Please find the line that holds "Close-up of four-claw" below and reproduce it, along with every line after it through the end, exactly and without pictures.

DATA:
= Beginning of Section =

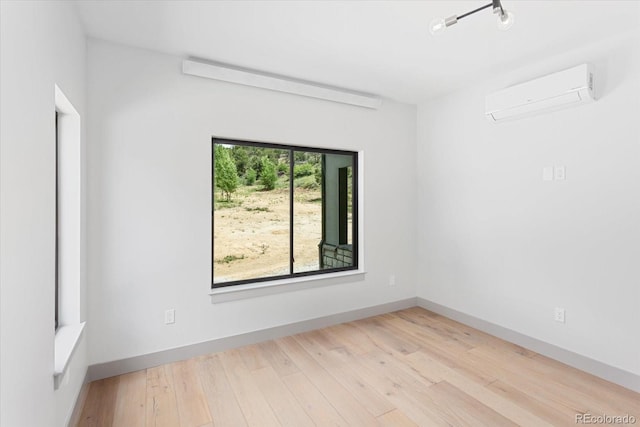 unfurnished room with light wood-type flooring and an AC wall unit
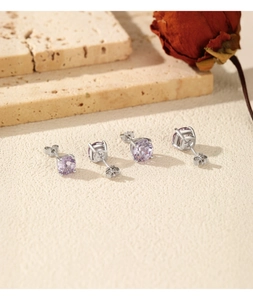 Close-up of four-claw silver stud earrings with round-cut purple zircon on vintage stone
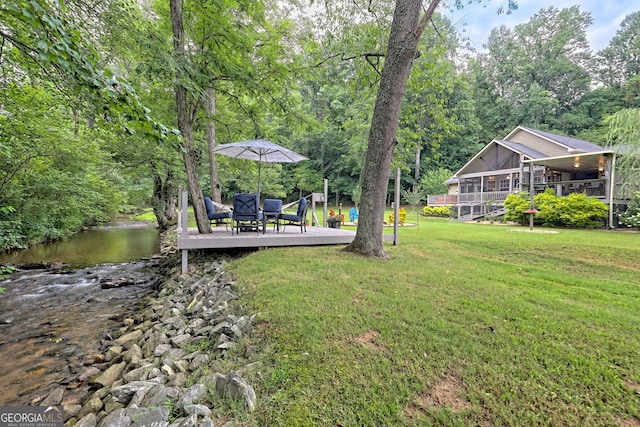 view of yard with a water view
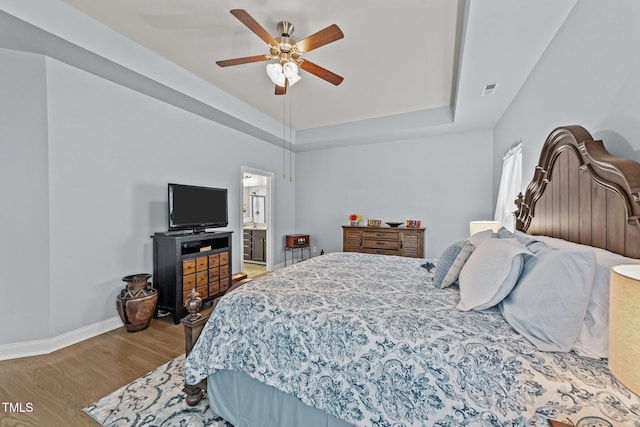 2001 Bunnfield Dr, Zebulon, NC 27597 - bedroom with wood finished floors, a raised ceiling, a ceiling fan, and ensuite bath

= End of Section =

EXPECTED ANSWER:
 Close-up of four-claw silver stud earrings with round-cut purple zircon on vintage stone
 view of yard with a water view
 2001 Bunnfield Dr, Zebulon, NC 27597 - bedroom with wood finished floors, a raised ceiling, a ceiling fan, and ensuite bath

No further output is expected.